Table 3. Results of G_max measurements of soils.

	Depth Interval [m]	Gmax [MPa] Before Piling	Gmax [MPa] After Piling
Gmax1	0.00–2.00	21.8	52.9
Gmax2	2.00–2.50	62.1	306.5
Gmax3	3.00–3.75	510.4	888.7

.

4. Discussion

The change in the G_max value for individual soil layers was not constant for the soil layers. In general, pile driving caused an increase in the G_max of the soils. The largest increase was in the clay soil layer, where it reached a value 4.9 times greater than the original. For the more relaxed position of the gravels, the increase was 1.7 times greater. The smaller increase compared to the clay soil can be attributed to the position of the gravels. The change in the value for the anthropogenic layer was 2.4 times greater.

Two SCPTu probes, even on a small area—one “before” and one “after” the installation of the pile—are not sufficient for a detailed statistical analysis. For this reason, it is not possible to exclude or account for the variability of values, which may influence the interpretation of the results.

Therefore, some of the observed increases in tip resistance and shaft friction may be purely random. Adding a few additional CPT measurements could yield different averages—either lower or higher.

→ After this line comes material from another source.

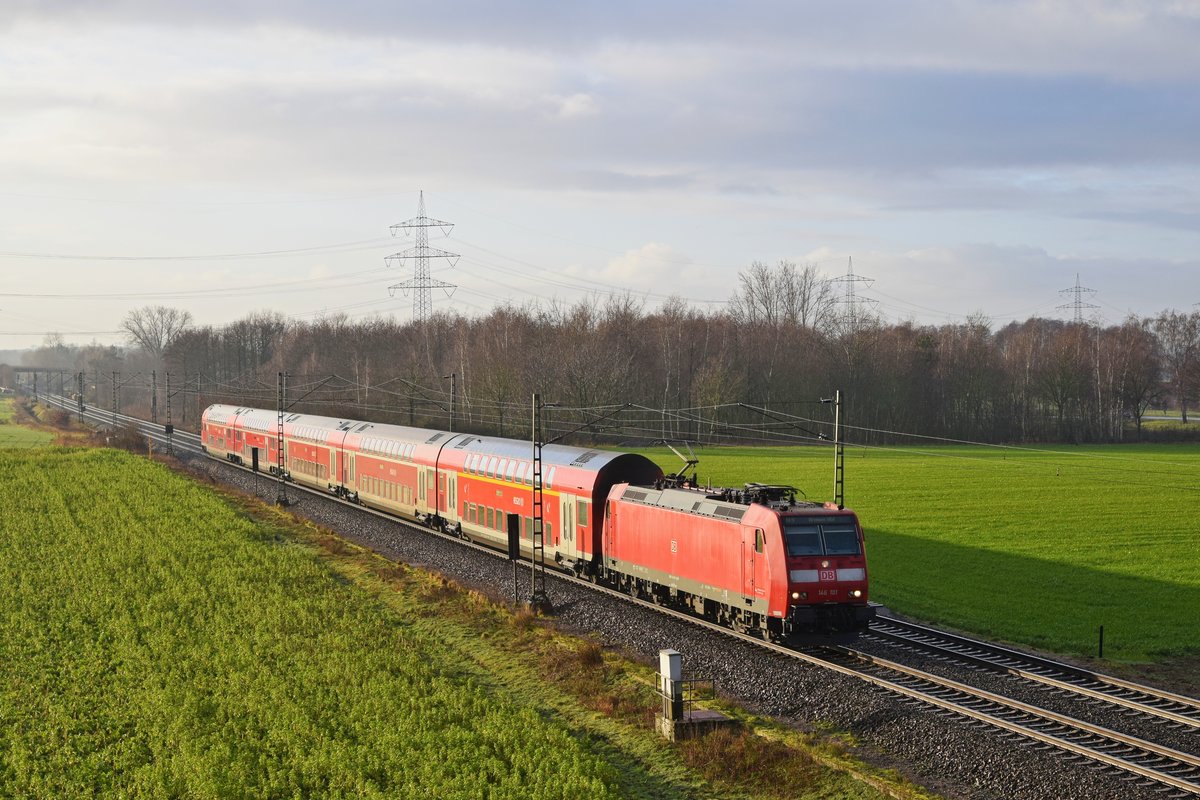 DB Regio 146 101 mit RE 9 (4454) Osnabrück Hbf - Bremen Hbf (Marl, NI, 19.01.2020).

However, from a qualitative perspective, the records indicate that the installation of individual driven piles increased the shear modulus G_max of the gravel and clay soil layers.

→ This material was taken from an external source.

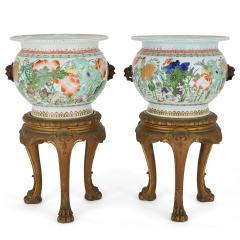 Pair of Samson Famille Verte Porcelain Jardini res on Stands - 4787895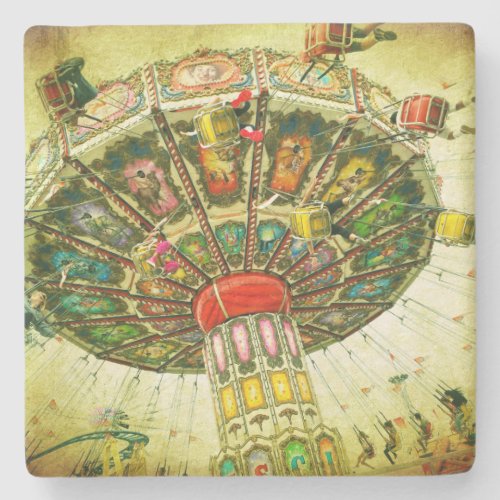 Green carnival swing ride photo vintage retro   stone coaster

While the observed effect raises little concern, it does qualify applying in situ tests to analysis of pile response, as mentioned in [48]. It would be of interest to see the results of similar measurements on installation effect—for driven piles as well as for other types of piles and in different types of soils. In [32], it was demonstrated that the intensity of ground vibrations is strongly affected by soil resistance along the pile shaft and at the pile toe.

In the analysis of P-waves, it is very difficult to distinguish whether the P-wave reaches the accelerometers directly through the soil, which is preferred, or if it enters the probe rod at some distance above the geophones. In the latter case, the wave would travel through the rods at a higher velocity, leading to errors in picking the first arrival. This issue has been observed and described by [18]. For this reason, the evaluation of P-waves was not included in the results.

During the pile driving, a slight uplift of the adjacent terrain occurred. This effect would be interesting to observe and measure using the laser scan method as specified in [49]; subsequently, these results could be used and validated with numerical simulations.

5. Conclusions

The results of the SCPT investigations conducted at the given site appear to be valid, yielding relatively good outcomes based on the comparison of shear wave velocities at different intervals. However, since the analyses in this study were based on investigations from a single location, it cannot be stated that the results are equally valid and accurate for all soil types and various conditions. To thoroughly examine how well SCPT measures the specified parameters, a setup similar to this study could be used while incorporating a greater variety of soil types. It would also be interesting to see the results of a similar measurement of the installation effect for other types of pile technology and in different types of soil.

SCPTu is a faster and less invasive method than traditional laboratory tests. It provides continuous measurements with high resolution compared to traditional point sampling. It helps in the analysis of seismic wave propagation in the subsoil, from which it is possible to obtain deformation characteristics of the soil, necessary for innovative methods of assessing structures, and appears to be a suitable method for controlling the quality of earthworks.

Some calculation methods include precise constants in the CPT-based pile response calculation. Often, much of this precision is not justified and supported by measurements. It would be interesting to compare the results of determining the bearing capacity or settlement of the pile using the results before and after the driving process.

The disadvantage of this study is the limited number of tests performed, and it would be appropriate to support these data with more measurements and then subject the data to statistical analysis, which would make the study more robust.